I respect the philosophy. I can understand why a person would adopt it, and can imagine circumstances when that person would be me. However, when you collect welfare or use a cell phone, or even walk on the public roads or use the public healthcare or live in a  house built according to government building codes, you are not being an anarchist.

You are recognizing authority by doing the things they require you to do to enjoy these benefits: You fill out the forms and obey the rules for welfare, you pay for your cell phone contract, you choose to pay the rent instead of living in a home that you built yourself in defiance of building codes, you obey the rules of the road enough to not get tickets.

That’s not anarchy.

I have some strong feelings of disrespect toward people who collect welfare while claiming to be in favour of dissolving the government or refusing to submit to authority, but those are just feelings. The principle that I act on is that there is enough wealth in the world for everyone to eat and be sheltered, so everyone should eat and be sheltered. I’ll work towards that even if I have to do more than what I perceive is my fair share.

I prefer to work for a living than be idle, and I prefer to contribute to the economy than drain it. But if I could spend my days building motorcycles and throwing parties without having to worry about earning a living, I would, and I think that’s the kind of life a lot of anarchists are after as well.

It’s just that anarchy doesn’t scale very well, with 7 billion people in the world. There’s room and food for everyone if we work together, but if everyone’s living in little hippy communes of a few hundred people or less, it’s hard to achieve a level of organization and efficiency to make that possible.

So I’m not going to talk shit about anarchy or anarchists in general. But collecting welfare isn’t anarchy, and neither is owning a cellphone.

2 thoughts on “Anarchy

  1. Hi Shannon,
    You can still be an anarchist and use a cellphone or be on welfare, such as if your community and your surroundings– like nature– has been co-opted by the State. You can also leverage welfare and your cellphone to subvert the State.

    Perhaps it’s a little like if relatives of roadkill could climb into an idling car and use it to run over some humans.
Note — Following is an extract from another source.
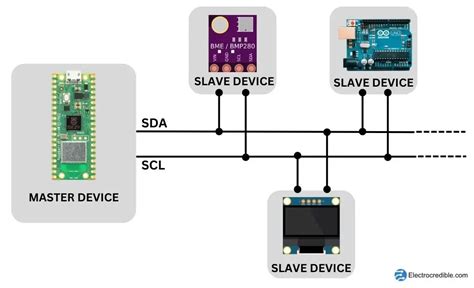 Micropython I2c Guide Examples Using Esp32 And Rpi Pico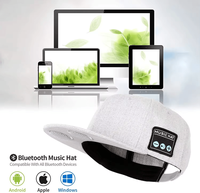 Sapca smart ,multifunctionala in aer liber cu difuzoare Bluetooth ,  muzica reglabila fara fir - 4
  2. Work is often referred to as wage-slavery– look it up– and governments ostensibly skim people’s salaries as taxes to pay for cellphone networks, whether people like it or not.
    IOW< AFAIK, they do this generally without permission. IOW, it's not a crowdsourced or opt-in/opt-out thing.

    Since we are social creatures and need each other to thrive, perhaps even survive, it seems to make little sense to expect people who disagree with many forms of work or State-funded things like cellphone networks to simply move to the woods– crown land anyway– and live essentially alone. This, while others, perhaps like you, contribute to a crony-capitalist plutarchy pseudoeconomy ('pseudo', because it's not truly economic) that's taking the planet and people down with it.